I started to skim it, but this brought me up short:

“a potency‑based tax has two key advantages with regard to administration and compliance. First, testing labs verify the potency of cannabis products. (As we understand it, these tests rarely find substantial differences between labeled and actual cannabinoid content. More commonly, products fail lab tests for other reasons, such as high levels of pesticides.) In contrast, the state has not established any mechanism for consistent, direct third‑party verification of the weight of harvested plants. Second, THC content appears on the labels of all cannabis products, allowing for further verification opportunities upon retail purchase. In contrast, once a cannabis product has entered the manufacturing process, there is no way to verify the weight of the raw plant material used to make it.”

That strikes me as wrong, in seeming to say says measuring potency is easy; measuring weight is hard.  It overlooks lab shopping in other states,  “[T]esting labs. . . rarely find substantial differences between labeled and actual cannabinoid content”?  No.  That’s certainly not true in Washington State, where lab shopping is a serious problem, as noted in the Washington State document the LAO cites.
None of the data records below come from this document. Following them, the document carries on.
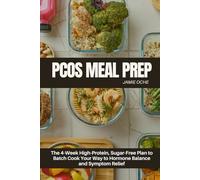 PCOS Meal Prep: The 4-Week High-Protein, Sugar-Free Plan to Batch Cook Your Way to Hormone Balance and Symptom Relief
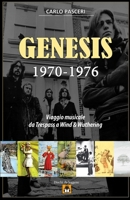 Genesis 1970-1976: Viaggio musicale da Trespass a Wind & Wuthering (Dischi da leggere): Analisi musicale e guida all'ascolto (Italian Edition) 1326869051 Book Cover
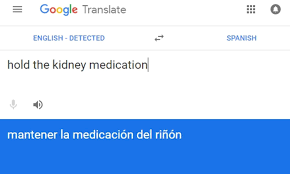 Google Translate Helps Er Doctors Talk To Patients But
So the California tax folks must have higher priorities than working on this “mechanism” for vertifying weight.  California’s enforcement needs a lot of work done, and finding weight-tax cheaters doesn’t seem to need a lot of “mechanism” — just auditing.. Anyway, “third party verification” seems inferior to state audit verification (wouldn’t the state be the “second party”?), which Canada does with its per gram taxes on flower and leaves.

And once liquor has been manufactured and taxed alcohol content, does anyone take advantage of  “further verification opportunities upon retail purchase”?  It’s a lot easier for consumers to measure alcohol content than THC content of retail purchases.

Weight, it seems to me, is much simpler to verify than THC, especially and prohibitively in raw plant material.  No one taxes THC in plant material, because it’s not homogeneous — just as no one taxes tobacco by tar and nicotine content.  The report doesn’t directly criticize (in what I read) the possible Achilles’s Heel of weight taxes – the line drawing between categories.  For sales of processed material, weight of the inputs (flower, trim, etc.) before processing can be a pretty good proxy for what “we are mad at” — intoxication.  To be sure, weight is a blunt instrument, but it’s state of the art.

The report doesn’t propose (in what I read) any distinction for THC taxes between raw plant material and processed products.  I’m all for the Canadian system — tax raw plant material by the gram of flower or bud, with an ad valorem minimum tax, but tax processed products by THC.

That’s enough for now.  At some point, I’m going to take a close look at the LAO report, because I’m guest lecturing at the Duke Law Tax Policy Class on marijuana next spring and I need a paper to present.  For the Center for New Revenue, border tax adjustments for carbon taxes need work a lot more than marijuana taxes do.  Maybe I’ve missed stuff in the LAO report.

A final nit: The LAO report states, “[T]he state has not established any mechanism for consistent, direct third‑party verification of the weight of harvested plants.” How hard could that be?  As stated in this @DaveSilberman tweet, “Any experienced cannabis consumer can tell by sight whether the seller is overstating weight.”  That’s the beauty of a weight tax – it’s verifiable.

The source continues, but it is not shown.